Totally Saturday cheekily turns the tables on members of the audience as it gets hold of their possessions and puts them centre stage. No-one is safe and their lives could be laid bare in front of millions of viewers.



You've gone from doing the Eurovision Song Contest straight into Totally Saturday, so it's clearly a busy time for you...

Eurovision went really well, the best in years, I think. It was a nice one to be at and the Russians threw everything at it, I enjoyed doing it. I've now got two more chat shows to do and then it's straight into Totally Saturday, which is a big, fun, family-friendly entertainment show. The hook is built around people's stuff. We're not talking about just a blouse or something ... viewers could end up seeing their car driving into the studio or their sofa appearing. We then laugh at their car or sofa, but also use it as a kind of springboard to a game where someone in the audience could win money, a holiday, or get the chance to meet their favourite star. The show is live, so people at home can join in. There's a game called the hamster run and, if they register on the Totally Saturday website, I can phone them and they can play a game via the telephone with someone in the studio where both could win money.

How long has this show been in the pipeline?

We've been talking about doing a show like this for quite some time and we did a pilot a couple of months ago. I really enjoyed the pilot and it seemed to go well, so I'm very excited about doing it.

Why do you think these big entertainment series are so popular?

It's feel-good telly for the whole family, very upbeat and it's not too taxing. You don't have to follow a story and granny won't be going: "Who's he? Why's he in there?" Hopefully, it's the sort of show adults can watch and laugh at without feeling stupid, and the kids can watch without going: "Oh God, not a dull grown-up programme."

Are you surprised by your progression from doing some pretty edgy material to becoming a top family entertainer? Was that the plan?


I left Channel 4 because I'd done that and I quite fancied a go at a big, shiny-floored, entertainment-world type of show. I've been very lucky since coming to the BBC that I've had some success and some of the shows have done well.

What are the skills you need as a presenter to make this kind of show work?
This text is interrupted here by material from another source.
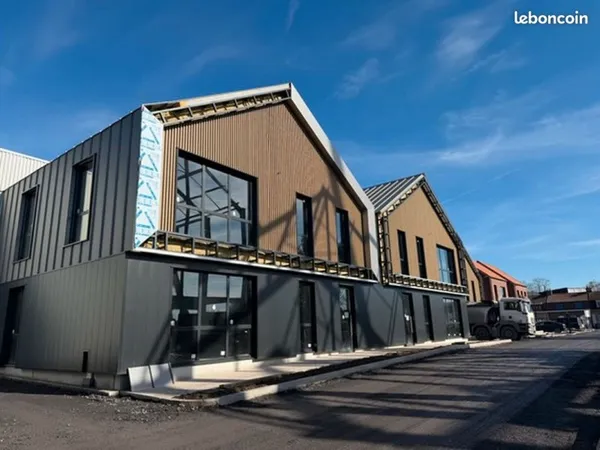 Locaux d'activité à louer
I've no idea, really. I just show up on a Saturday, have a shave and put on a shiny suit. I say "hello" and after an hour I say "goodbye"! My job is kind of to drive it, I suppose, and make sure it finishes on time. I'm also there to reassure someone who gets a surprise and might be a bit nervous and make sure nobody hurts themselves, that kind of thing.

Who do you look up to as the greats of entertainment and what have you learnt from them?
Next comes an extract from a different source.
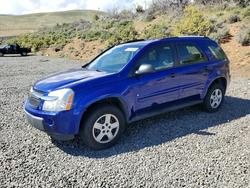 Salvage cars for sale from Copart Reno, NV: 2006 Chevrolet Equinox ls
Bruce Forsyth is really good, an absolute marvel, and Terry Wogan makes it look so effortless. I also used to enjoy Bob Monkhouse – a very different performer to Bruce and Terry, as all he cared about was the next gag, but he was a proper working comic to the day he died. I enjoyed their shows as a kid, just as a viewer, but I never thought of being like them. I always wanted to show off, but I thought that would be by being an actor. You do kind of go to your grave a failed actor, but I've been lucky enough to dabble a bit and this year I've been in the West End in La Cage Aux Folles. When it came to chat shows, I always thought I'd be the guest not the host. But, as it turned out, I really enjoy hosting.

Do you prefer to work spontaneously with a lot of ad-libs or with a more carefully prepared script?


It's a bit of both really. The nice thing is that Totally Saturday is live, which gives me the freedom to mess around, and I think the audience enjoys that. But then, as a performer, it's also nice to know you've got somewhere safe to go to with the show. And, at the end of the night, you know you're on solid ground and can return to the autocue and start reading.

What are the prospects for Totally Saturday to have a longer run?


We're doing this for seven shows through the summer and, obviously, we'd like it to take off, be a big hit and come back again. As a team, we're also very aware that it is hard to get Saturday nights right – it's a very fickle part of the week, so it's fingers crossed. But we're all behind it and, as I say, the pilot went very well. If it's as good as that then I'll be delighted.

Do you feel the pressure?


There is a pressure in that you want to do your job as well as you can. Does it keep me awake at night? No. It's telly [he laughs], it's an hour of telly... there are many hours of telly on many channels every day and every night. If you don't like our hour... sorry... do something else, get over yourselves and calm down.